Florida Today recently reported federal authorities contacted the private not-for-profit social agency around two months ago to aid the federal government with providing humanitarian services for the migrant children. This would include finding short-term, transitional housing and other care. According to FT, another 45 are expected in Fort Lauderdale and may end up in Brevard County.
"We're going to start with about 12 children," Teresa Miles, the executive director of the Brevard division of the Children's Home Society of Florida, told FT. "Our goal is to keep them safe and to get them together with an appropriate family."
Miles added that the agency is looking for willing families that can speak both Spanish and English to take the children in for at least 30 to 45 days, and families will receive stipends of $20 a day to care for the children along with educational support offered by the agency.
However, questions remain as to how secure such living environments may be—not only for the community but also for the young people who are brought are placed into homes.
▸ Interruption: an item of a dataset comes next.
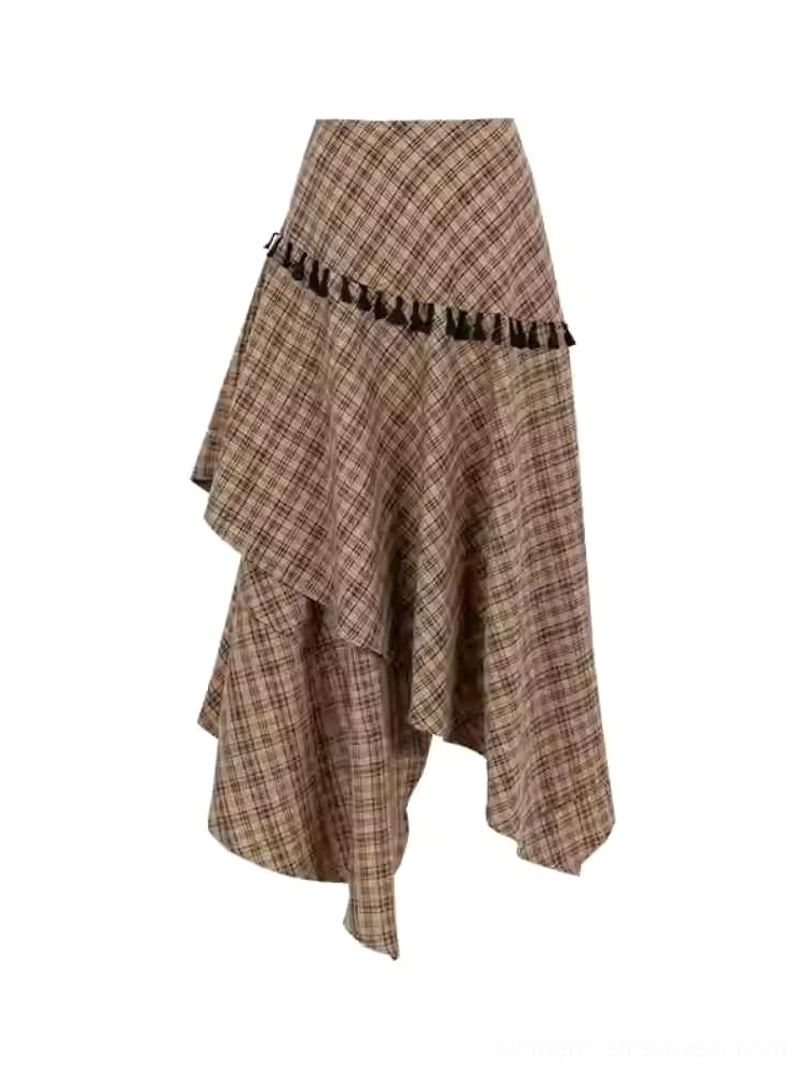 Flat lay front view of brown tartan asymmetric tassel skirt showing the irregular hem and black decorative trim on a plain background
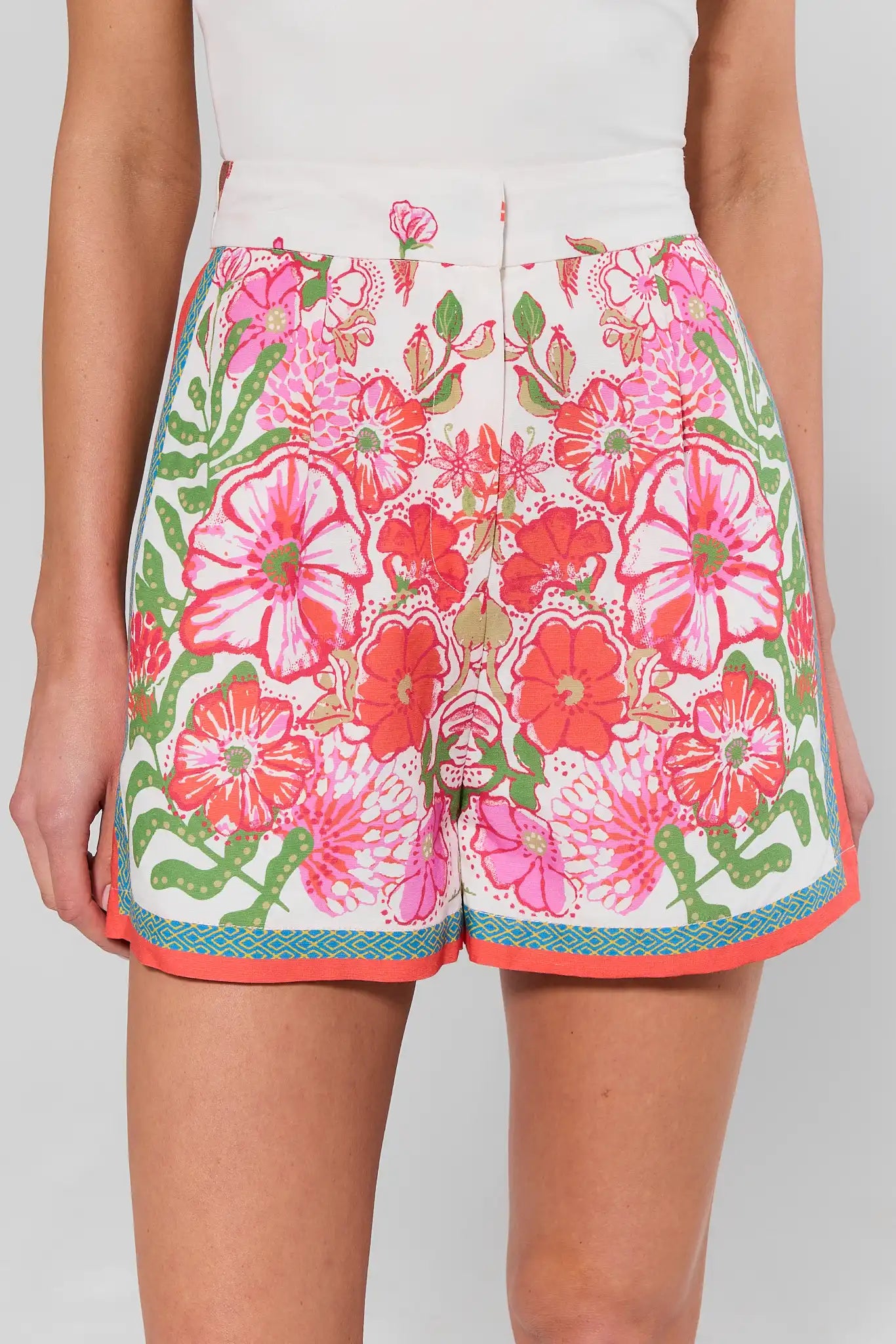 Floral shorts with pink and green design on a plain background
Individuals trafficked into the United States may be most at risk when placed in less restrictive environments, Breitbart News learned recently from Brenda Zurita, a research fellow of the Washington, D.C.-based Concerned Women For America’s Beverly LaHaye Institute:
In the Violence Against Women Reauthorization Act (VAWA) of 2013 (Section 1261, which is an anti-trafficking provision), another layer was added to the care of UACs. If a UAC turns 18 while in the care of HHS and is then transferred to the custody of the Secretary of Homeland Security (DHS), the alien may be placed in an alternative to detention such as “with an individual or an organizational sponsor, or in a supervised group home.” How easy would it be for traffickers to snatch this young adult from these situations and put them into debt bondage, forced labor or sex trafficking?
However, Jesse Zermeno, founder and president of Operation Hope of Brevard, a Fellsmere-based organization that gives food, clothes, books, and other services to children and families with roots in Latin America, sees it differently, telling FT, "At the end of the day, it will be a good thing for someone in our community to touch these children's lives."
"These children, for sure, need to be with their parents. But now their future is unknown," Zermeno said, adding, "Even with that, you just can't put children in the street or expose them to danger again. We have to open our hearts and take care of the children and the system."